LOL, I'm sure there are some "gaming" going on. I work for a state hospital in a university campus. We write orders as soon as possible to get patients out...but that's also because we are trying to decongest the ED of critically-ill patients and trying to make room for transfers from facilities as far as the Oregon border. All the while making sure we have staff in order to be compliant with the mandated California staffing ratio. We sometimes run into bottleneck when the floors are full so patients do stay over 24 hrs with transfer orders. The transfer patient sometimes have to wait to get to our tertiary referral center or gets rerouted somewhere else.
1 hour ago, MunoRN said:The billing and standard of care applies to the ordered level of care for the patient, not the physical location.
Right, but I’m going under the assumption that patients in the ICU have ICU level care ordered (with the exception of those who have been downgraded and are awaiting a bed in stepdown). I was specifically addressing someone’s point about why the big deal that the patient ratios in ICU are being exceeded, since they do it all the time in the ED.
Not to toot California's own horn but our law states that ER patients who are deemed critically-ill must have 1:2 staffing ratio. The rest of the ratios for specific units are seen here: https://www.cga.ct.gov/2004/rpt/2004-R-0212.htm
16 hours ago, MSO4foru said:In my little place of employment as part of large hospital system,recently bought by large for profit system we are pretty well continually short staffed.
And yet places like this are reeling in 47 Billion dollars every year.
Sorry, but there's absolutely no excuse for short staffing, or ridiculous staffing ratios. None whatsoever.
Quite frankly, the paying customers of this healthcare service should be pissed because they are getting ripped off, and short changed because they are not getting the healthcare services they are clearly paying high dollar insurance premiums for.

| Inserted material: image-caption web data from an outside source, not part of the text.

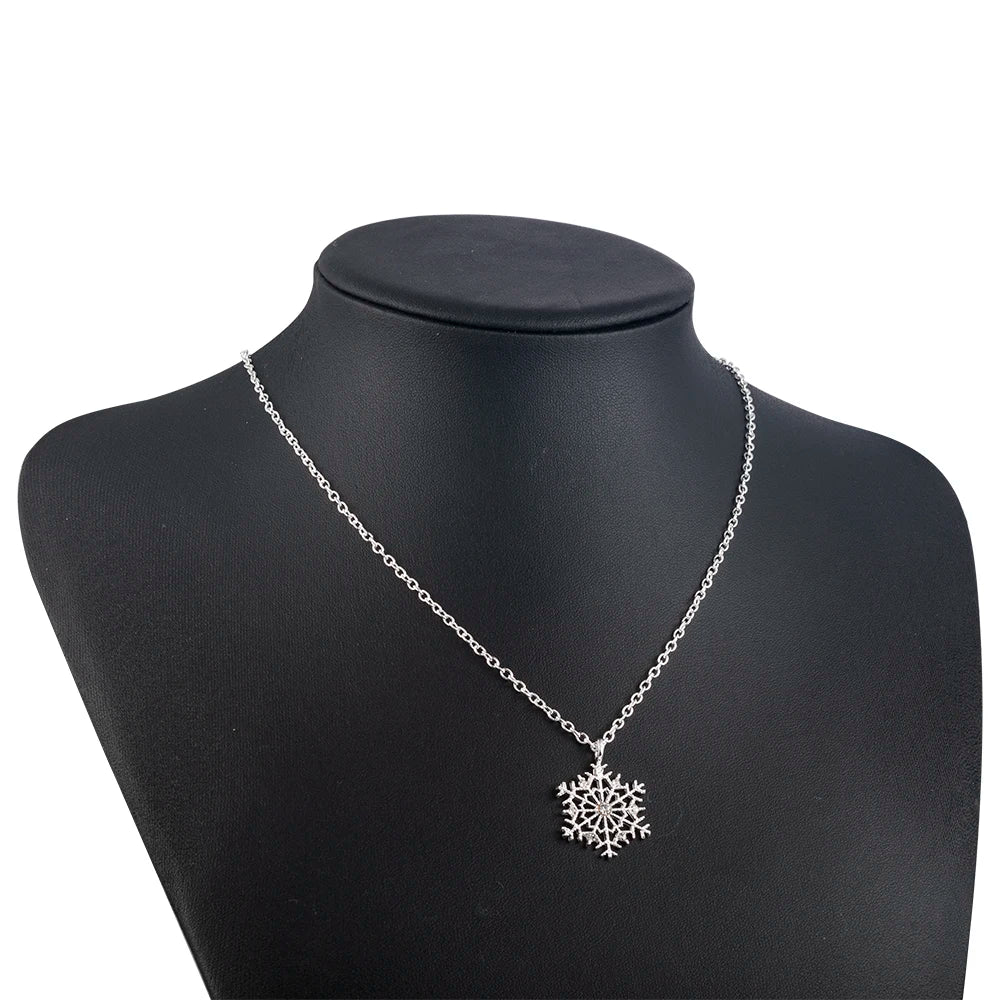 Snowflake Zircon Necklace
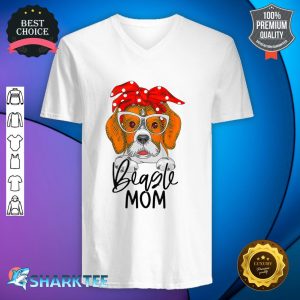Beagle Mom Dog Mama Girl Mothers Day Beagle Lover v-neck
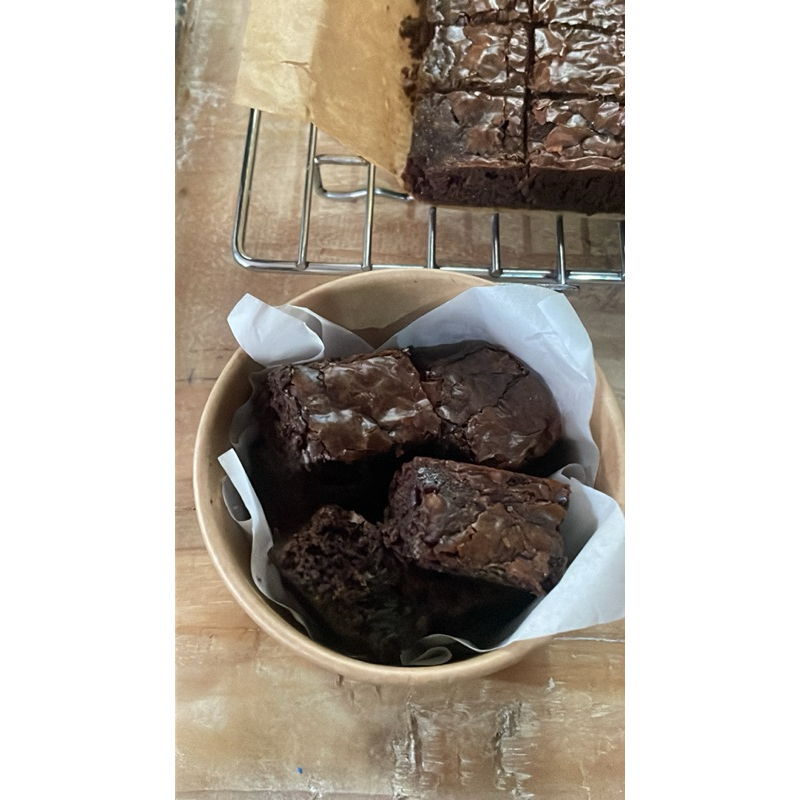 

BROWNIE BITES MURAH MERIAH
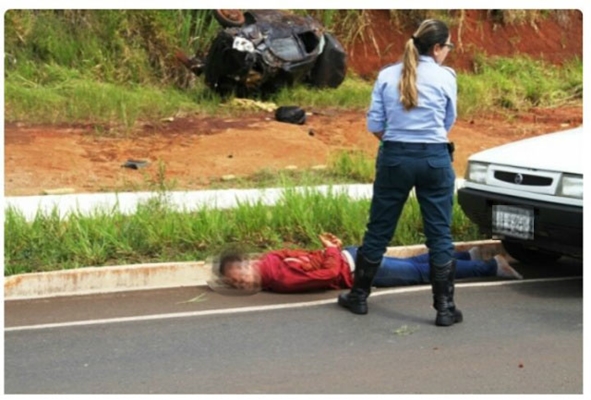 Jovem de Fernandópolis capota carro lotado de maconha e é preso no MS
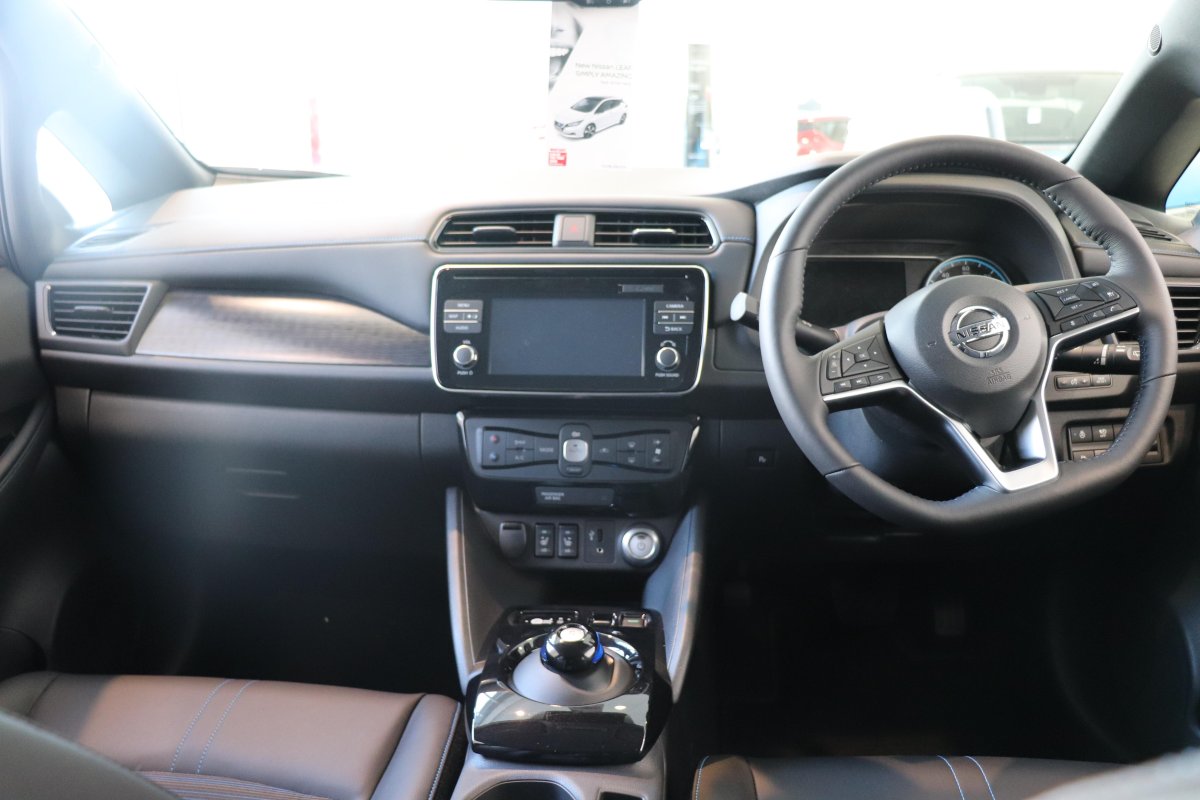 Nissan Leaf ze1 салон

I agree. I understand why short staffing occurs. It's because of mismanagement and shortsighted financial planning. In the long run it creates high turnover, a hostile work environment and major patient safety concerns. It is definitely the job of a good nurse to refuse the assignment and resign if necessary. A company that supports management decisions that create those issues shouldn't keep operating that way.
On 8/5/2019 at 1:37 PM, Crash_Cart said:And here's another example of the difference between the Navy and a private, for profit corporation.

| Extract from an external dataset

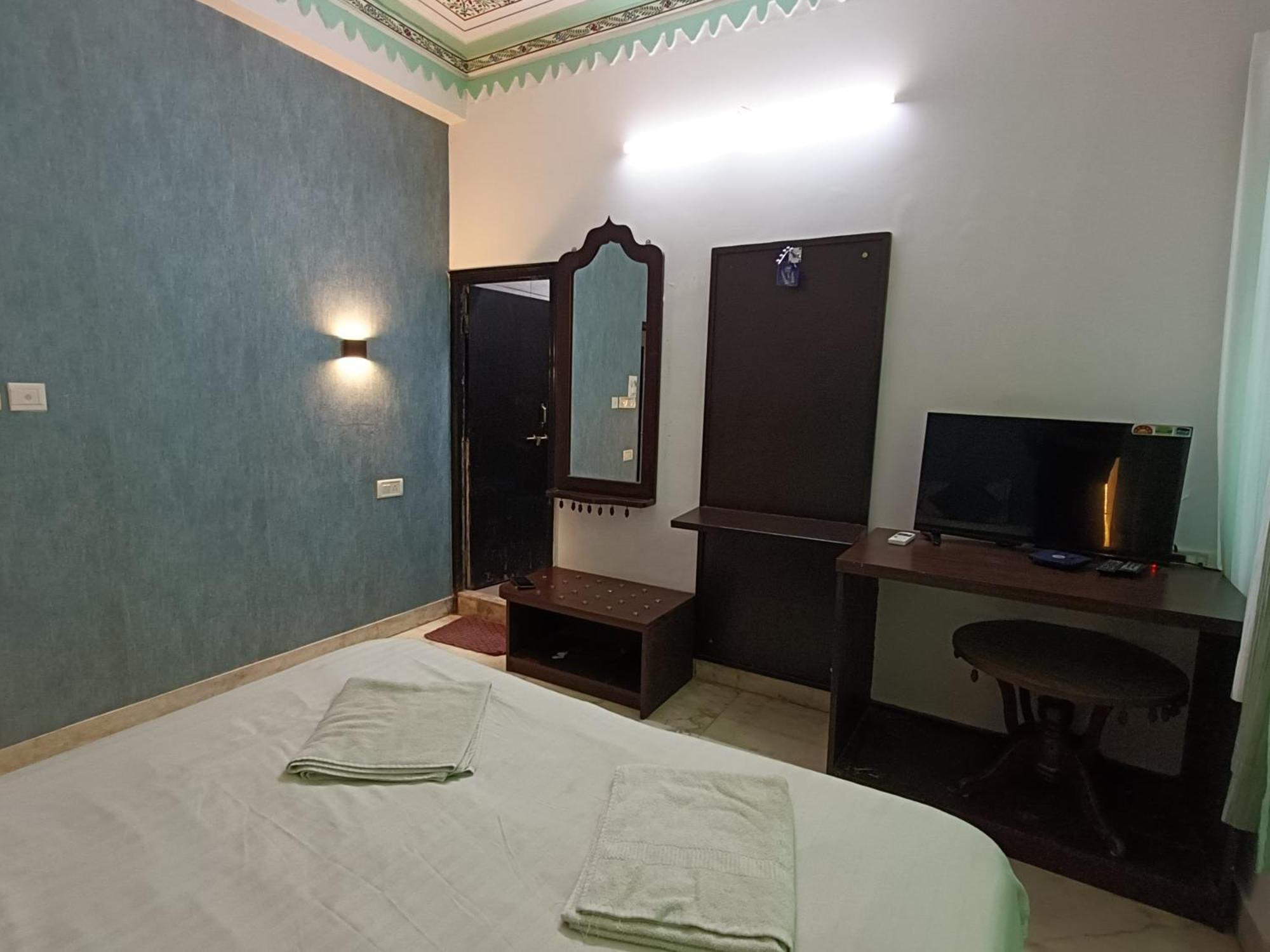 Hotel Mandiram Palace Udaipur Exterior photo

Whenever there's profits involved, there's clearly a financial incentive to engage in unsafe practices. You see it occurring everywhere
This is also true for all hospitals including ------>>>> non -profit vocational..etc,this is everywhere,do more,take more patients.
Monitors can be set to monitor two on the screen or ALL ,patients will alarming vs pops up on screen over riding the rest.That is a lot of alarms if set to ALL if you have 15 patients on monitors, plus some extra rooms not even connected to group screen and there is NEVER a trained tech just sitting in front the floor screen to view and alert staff.

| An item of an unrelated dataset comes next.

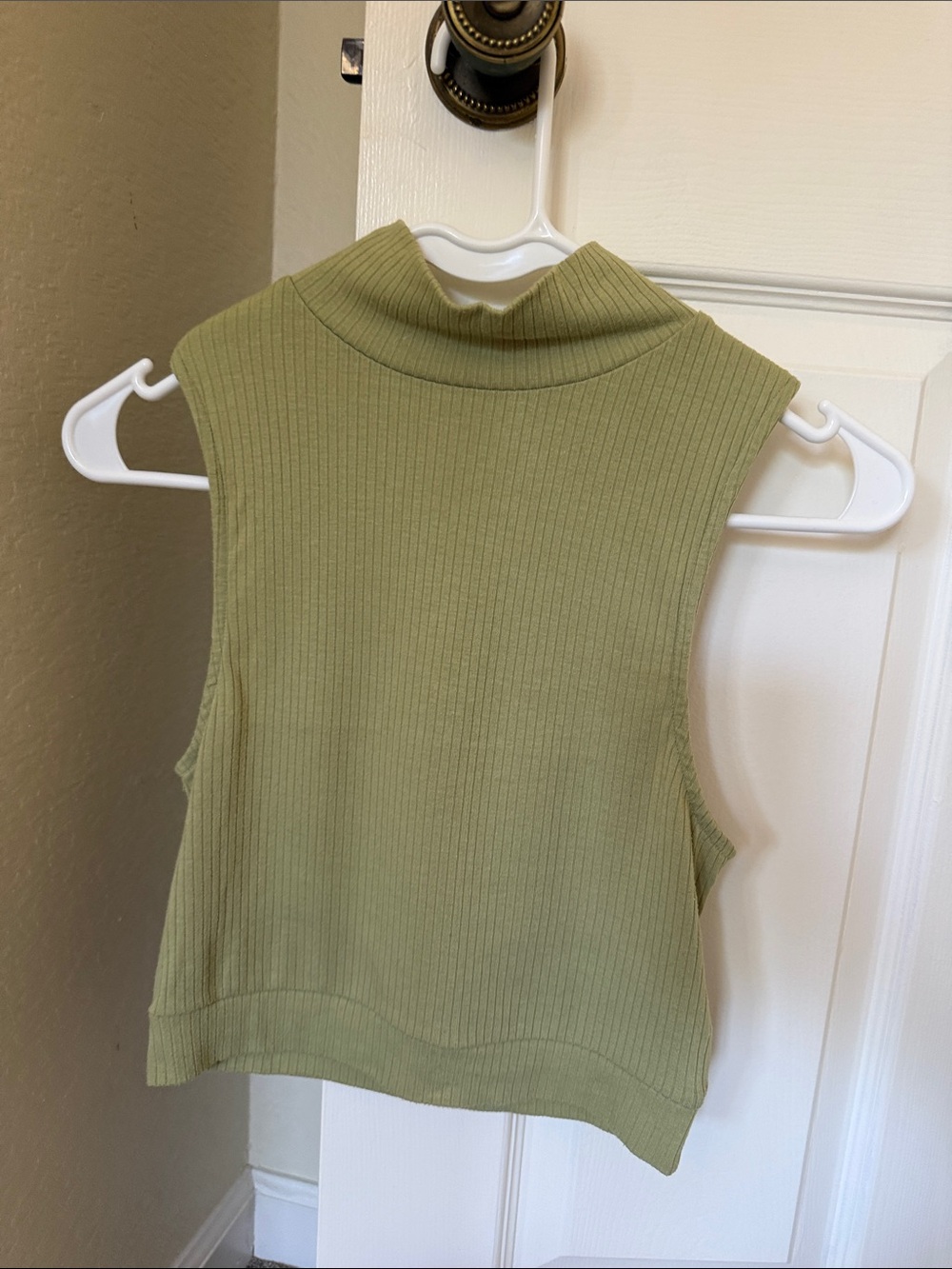 silence + noise Sleeveless Ribbed Mock Neck Crop Top - Olive Green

We all have to work to keep a roof over our heads,keep our children fed,so many sadly bow their tired heads and suck it up.
3 hours ago, juan de la cruz said:Not to toot California's own horn but our law states that ER patients who are deemed critically-ill must have 1:2 staffing ratio. The rest of the ratios for specific units are seen here:
Who enforces the LAW,who reports when it is not being followed ,??
Who decides which one is "critical"? If Cali divorce laws are any example you can keep your "ratios".
JKL33
7,038 Posts
And don't think for a minute that in some places everyone is not very well aware that those orders are not to be entered until the bed is ready and the patient is ready to roll out.
ETA: Expected to not be entered, I should say.